KRTN Staff Reports The US Dept Of Transportation awarded a $15.2 million dollar grant for the Southwest Chief Route Advancement and Improvement Project that will continue essential upgrades to Amtrak’s Southwest Chief line.
The new funding is being awarded through the DOT’s Tiger VII grant program and will be used to add approximately 39 miles of new continuously welded rail and repair more than 20 miles of track roadbed.
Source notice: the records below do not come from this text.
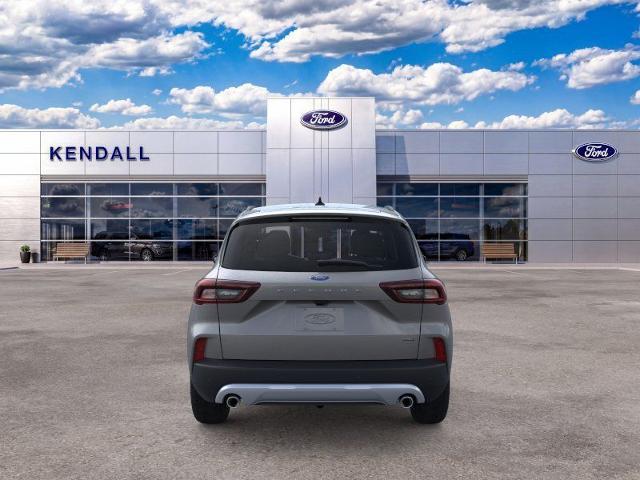 2025 Ford Escape - $29,991
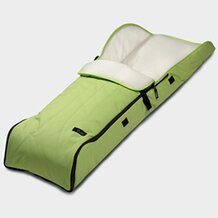 Fu&szlig;sack "Snoog" von I´COO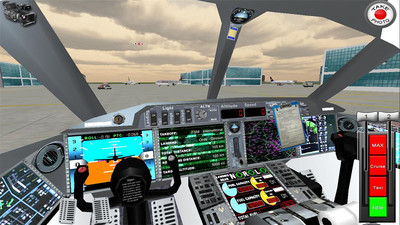 模拟飞行787下载  v1.9.5图2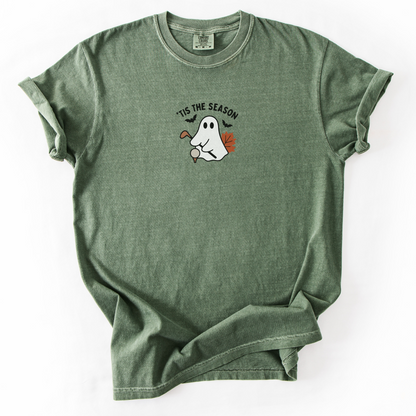 Ghost 'Tis The Season T-Shirt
The latest grant was awarded to La Junta, CO and will go along with the $12 million Tiger Grant awarded to Garden City, KS last year. Phase 2 of the project will cost about $24.5 million of a total projected $30 million to complete the entire project. Local match monies for the project totaled over $9 million and included one million each from the states of New Mexico, Colorado and Kansas, $4 million from Amtrak and $2 million from BNSF with the rest coming from individual cities and counties along the route.
Just three years ago, Amtrak was looking at an alternative route because BNSF was unwilling to maintain or repair tracks entirely at its own cost. Since then, BNSF has agreed to maintain any new rail put in, essentially cutting the cost of replacement and repair in half.
In 2013, about 350,000 passengers rode the SW Chief – a nearly 40 percent increase since 1997. Nearly one third of those passengers boarded or detrained at a New Mexico station. The NM Economic Development Dept. estimated that the route brings in more than $20 million in tourism revenue to New Mexico annually.